(Collected data entries)

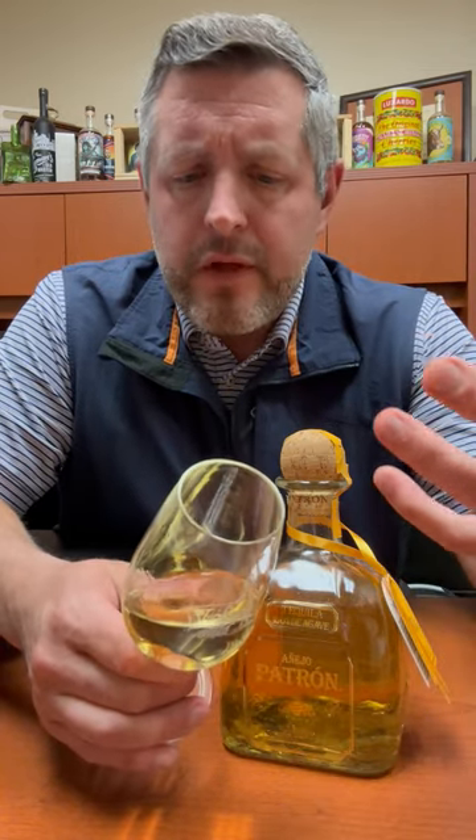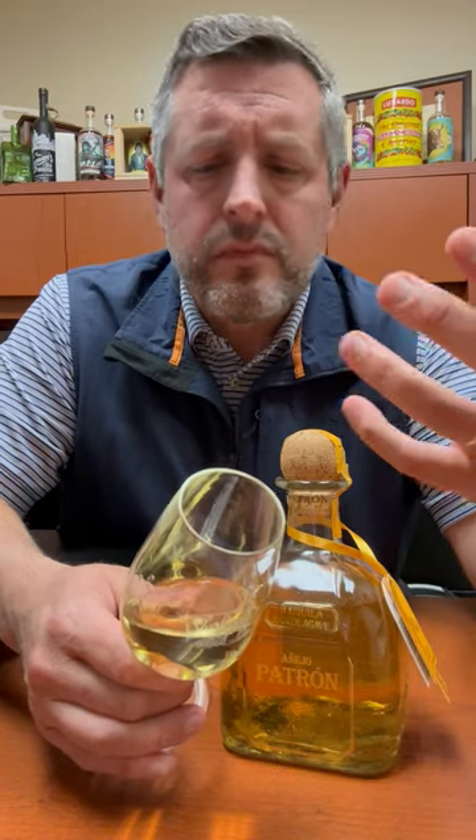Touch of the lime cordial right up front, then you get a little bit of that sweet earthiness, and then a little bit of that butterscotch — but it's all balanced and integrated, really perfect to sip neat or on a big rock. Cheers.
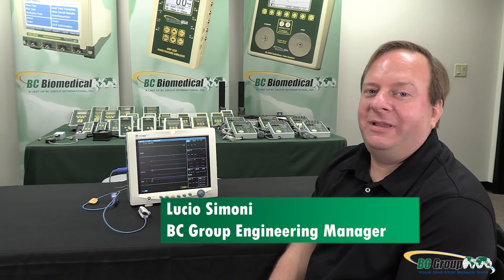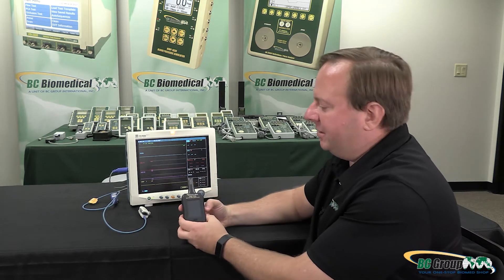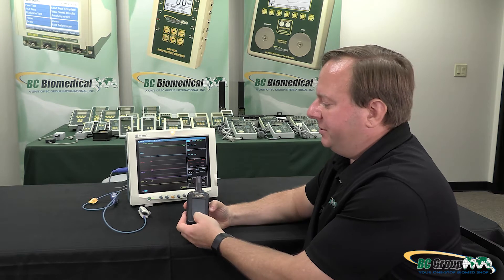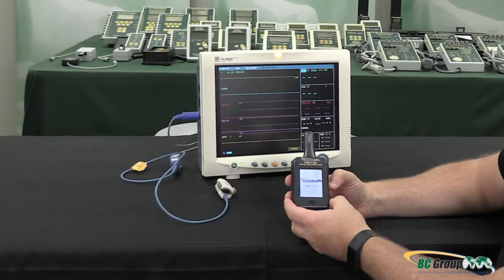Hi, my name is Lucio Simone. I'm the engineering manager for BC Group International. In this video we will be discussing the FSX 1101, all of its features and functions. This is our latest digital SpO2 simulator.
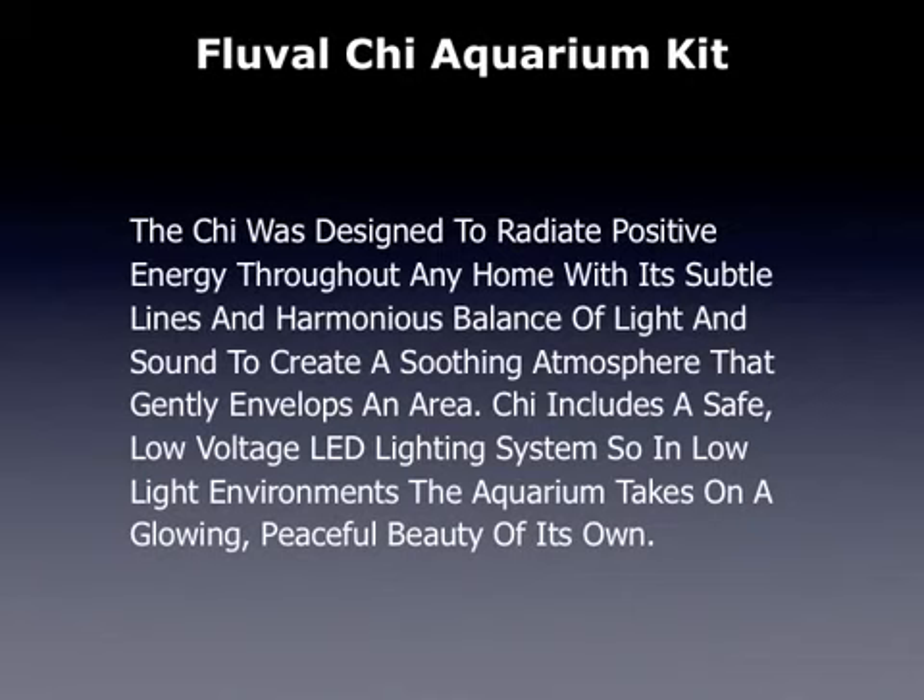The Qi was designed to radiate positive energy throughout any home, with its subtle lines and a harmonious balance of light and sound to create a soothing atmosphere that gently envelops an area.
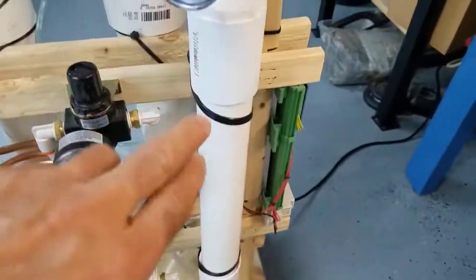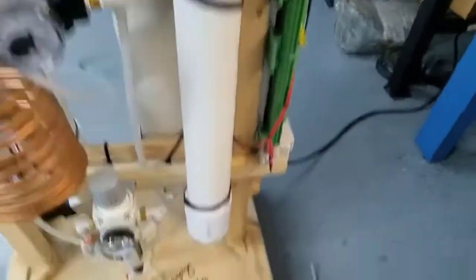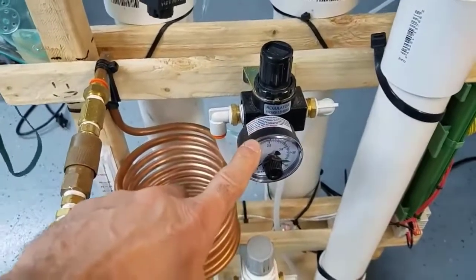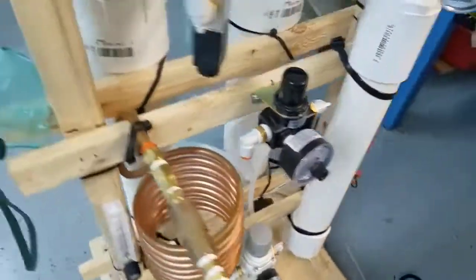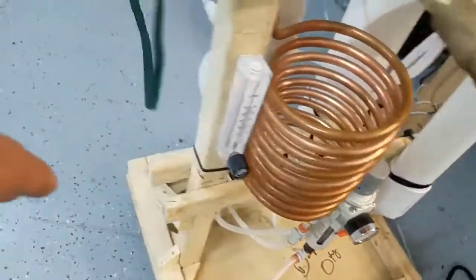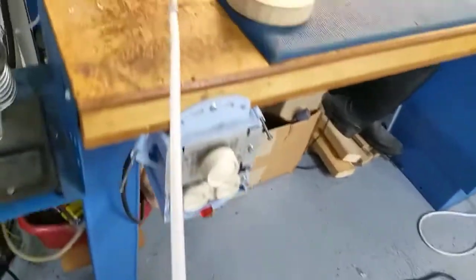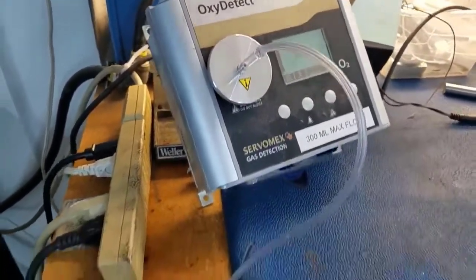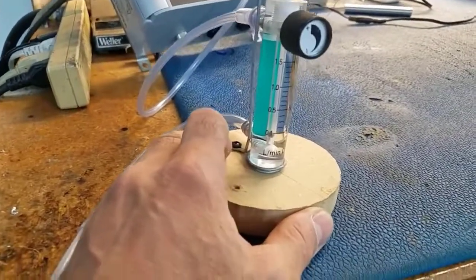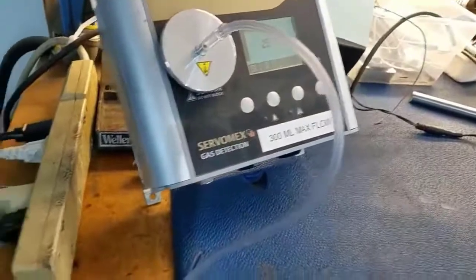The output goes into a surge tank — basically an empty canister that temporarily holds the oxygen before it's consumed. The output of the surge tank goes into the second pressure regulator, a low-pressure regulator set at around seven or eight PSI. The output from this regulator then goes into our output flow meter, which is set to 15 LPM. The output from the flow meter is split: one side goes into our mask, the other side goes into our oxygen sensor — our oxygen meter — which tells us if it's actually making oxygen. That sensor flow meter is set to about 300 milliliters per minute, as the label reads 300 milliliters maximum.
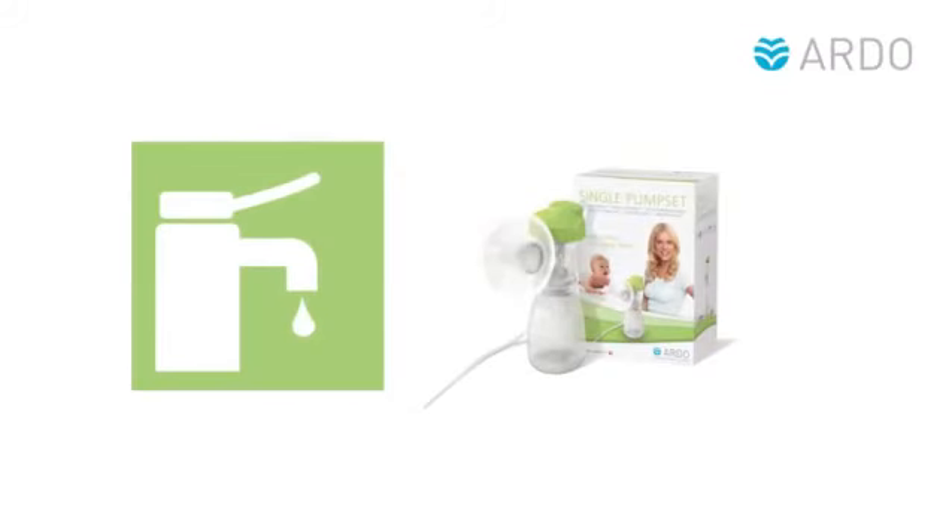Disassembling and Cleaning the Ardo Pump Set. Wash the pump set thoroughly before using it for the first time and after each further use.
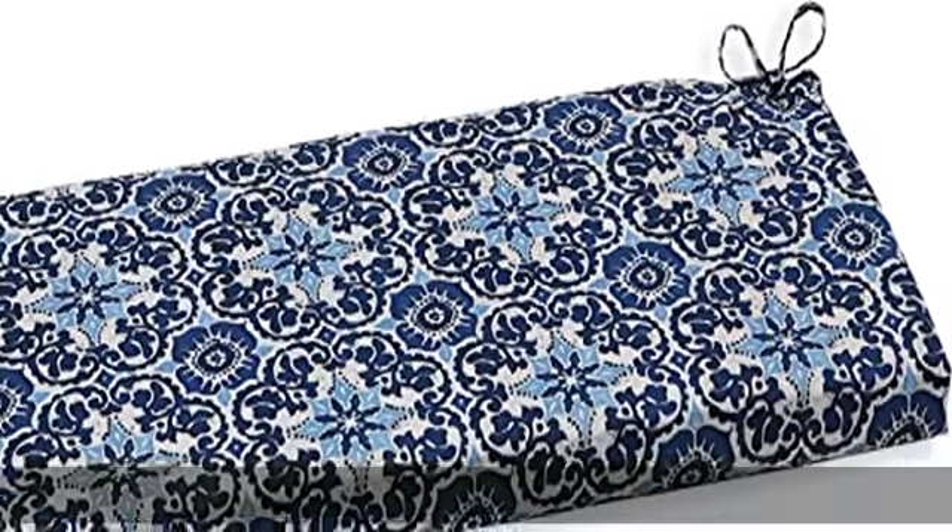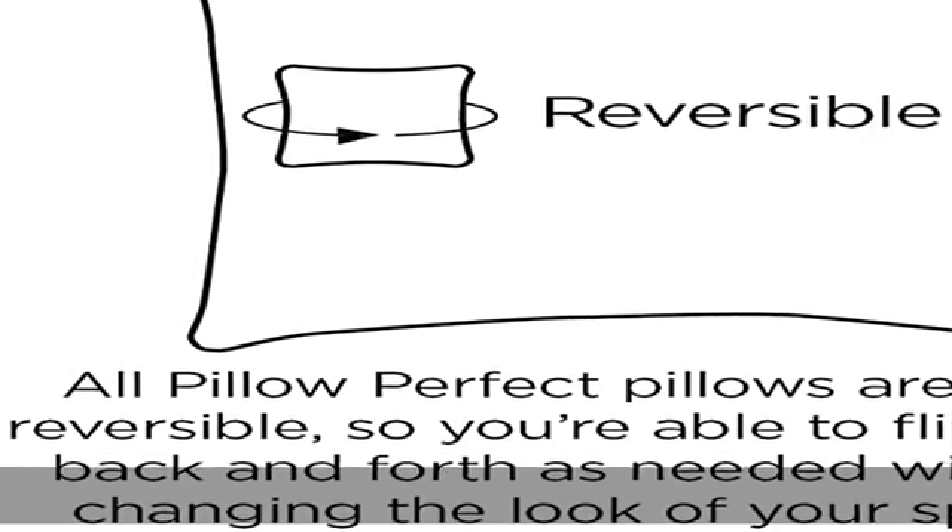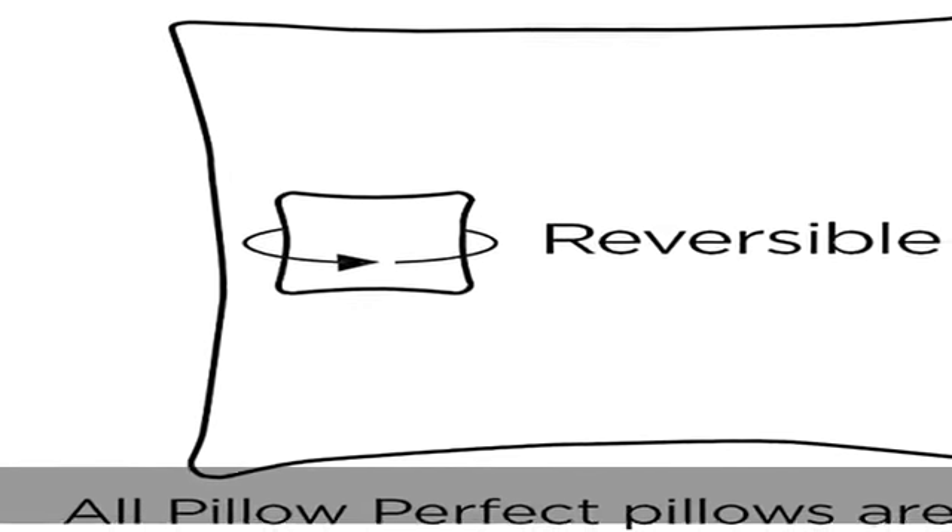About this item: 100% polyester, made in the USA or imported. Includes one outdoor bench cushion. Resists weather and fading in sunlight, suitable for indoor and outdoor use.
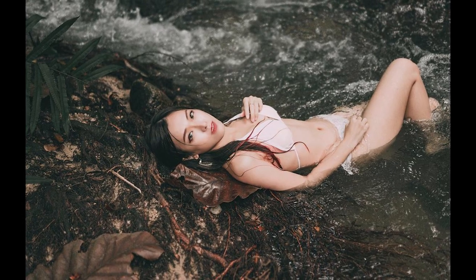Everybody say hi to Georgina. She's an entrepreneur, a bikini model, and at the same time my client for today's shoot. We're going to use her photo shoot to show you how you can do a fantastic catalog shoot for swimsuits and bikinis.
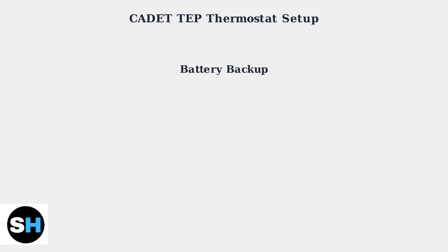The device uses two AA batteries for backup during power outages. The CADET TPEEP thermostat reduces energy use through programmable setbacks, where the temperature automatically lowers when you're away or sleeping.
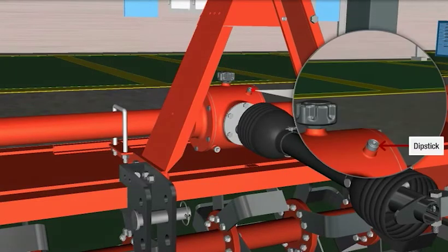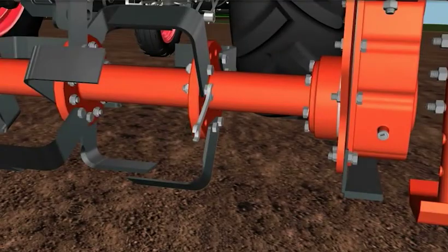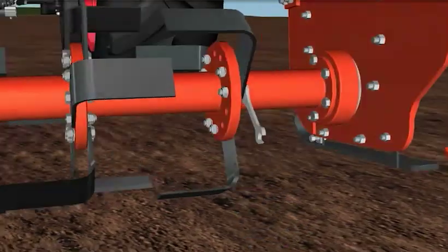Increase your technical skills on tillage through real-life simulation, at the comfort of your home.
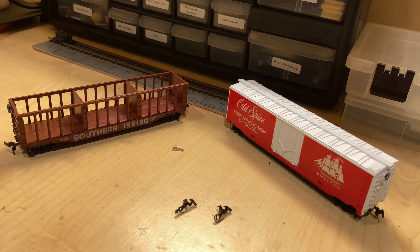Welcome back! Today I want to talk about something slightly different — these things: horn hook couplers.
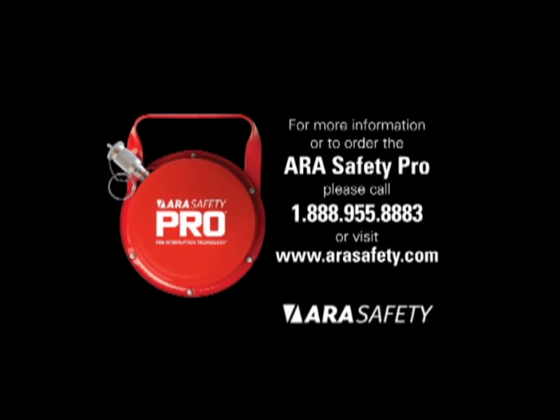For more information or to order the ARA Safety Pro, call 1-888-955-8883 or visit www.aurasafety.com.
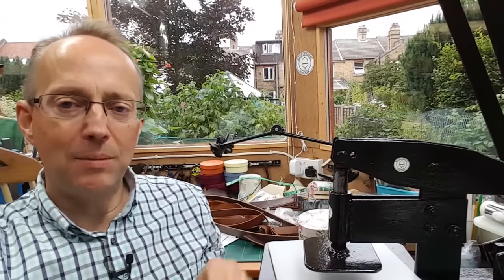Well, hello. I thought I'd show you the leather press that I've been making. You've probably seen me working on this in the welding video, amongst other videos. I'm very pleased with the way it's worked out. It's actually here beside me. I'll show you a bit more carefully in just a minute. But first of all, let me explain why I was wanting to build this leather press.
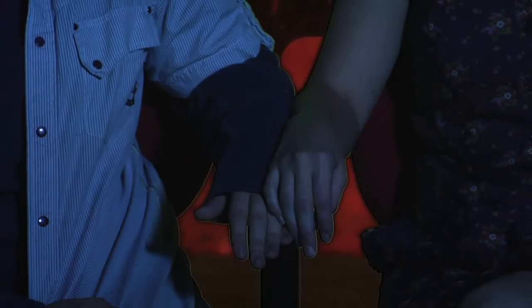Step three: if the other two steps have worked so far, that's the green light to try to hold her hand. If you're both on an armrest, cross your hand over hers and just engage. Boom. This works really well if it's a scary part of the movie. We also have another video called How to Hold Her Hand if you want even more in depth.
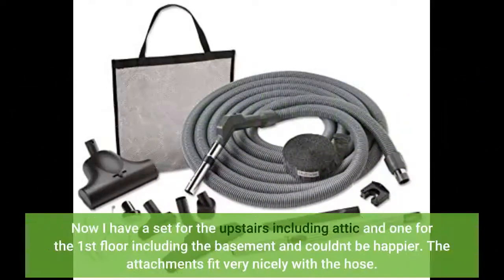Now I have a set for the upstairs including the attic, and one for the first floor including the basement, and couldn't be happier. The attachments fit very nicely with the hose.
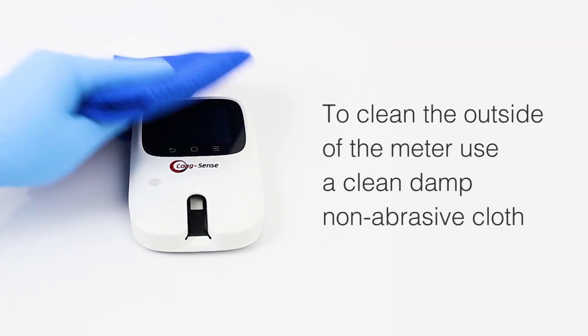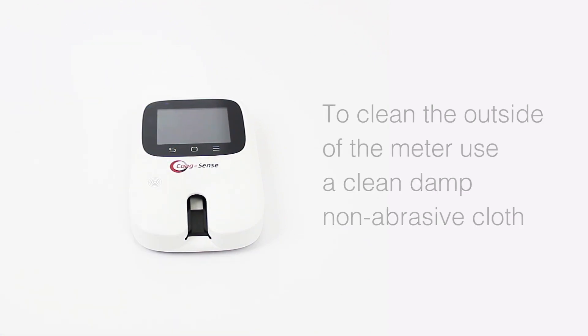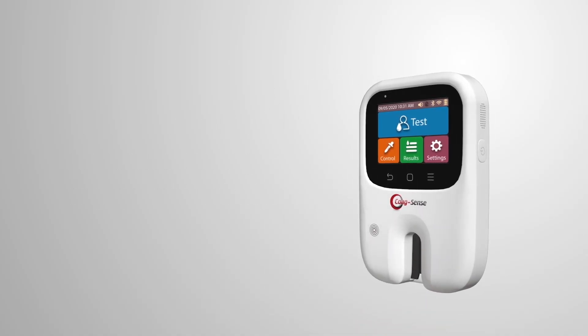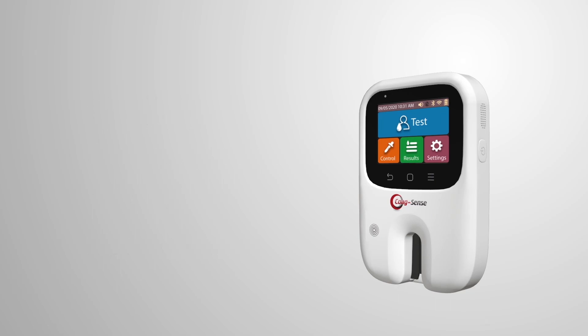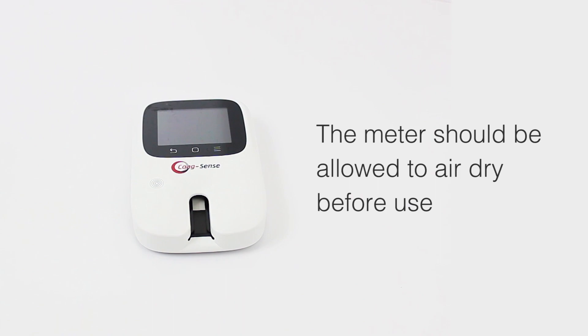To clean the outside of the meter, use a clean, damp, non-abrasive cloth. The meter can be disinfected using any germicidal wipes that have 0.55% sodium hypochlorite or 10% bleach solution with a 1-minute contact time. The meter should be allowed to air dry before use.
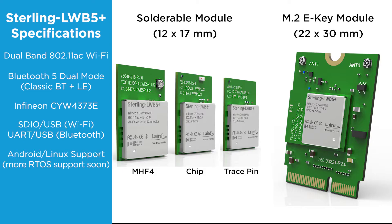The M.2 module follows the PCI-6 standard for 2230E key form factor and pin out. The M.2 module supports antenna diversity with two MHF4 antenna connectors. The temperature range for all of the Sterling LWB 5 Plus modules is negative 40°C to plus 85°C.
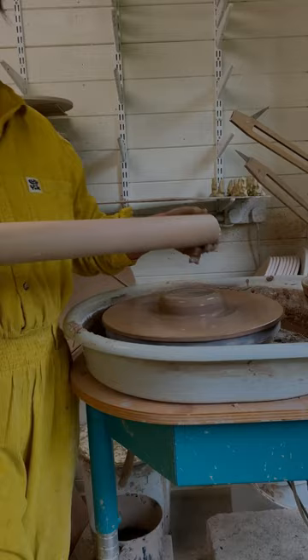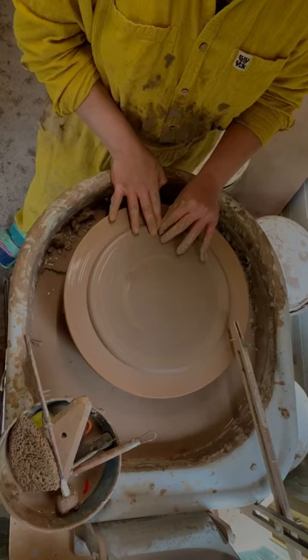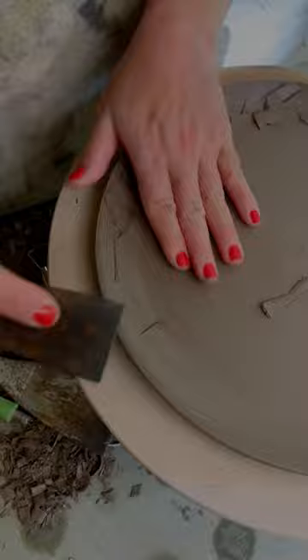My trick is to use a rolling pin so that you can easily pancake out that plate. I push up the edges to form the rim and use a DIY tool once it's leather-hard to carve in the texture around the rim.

INSTRUCTIONS TO FOLLOW ▸ From the first line above to the line containing "About this item: 100%", repeat each line exactly. Pictures stay out.

EXERCISE SOLUTION ▸
Touch of the lime cordial right up front, then you get a little bit of that sweet earthiness, and then a little bit of that butterscotch — but it's all balanced and integrated, really perfect to sip neat or on a big rock. Cheers.
Hi, my name is Lucio Simone. I'm the engineering manager for BC Group International. In this video we will be discussing the FSX 1101, all of its features and functions. This is our latest digital SpO2 simulator.
The Qi was designed to radiate positive energy throughout any home, with its subtle lines and a harmonious balance of light and sound to create a soothing atmosphere that gently envelops an area.
The output goes into a surge tank — basically an empty canister that temporarily holds the oxygen before it's consumed. The output of the surge tank goes into the second pressure regulator, a low-pressure regulator set at around seven or eight PSI. The output from this regulator then goes into our output flow meter, which is set to 15 LPM. The output from the flow meter is split: one side goes into our mask, the other side goes into our oxygen sensor — our oxygen meter — which tells us if it's actually making oxygen. That sensor flow meter is set to about 300 milliliters per minute, as the label reads 300 milliliters maximum.
Disassembling and Cleaning the Ardo Pump Set. Wash the pump set thoroughly before using it for the first time and after each further use.
About this item: 100% polyester, made in the USA or imported. Includes one outdoor bench cushion. Resists weather and fading in sunlight, suitable for indoor and outdoor use.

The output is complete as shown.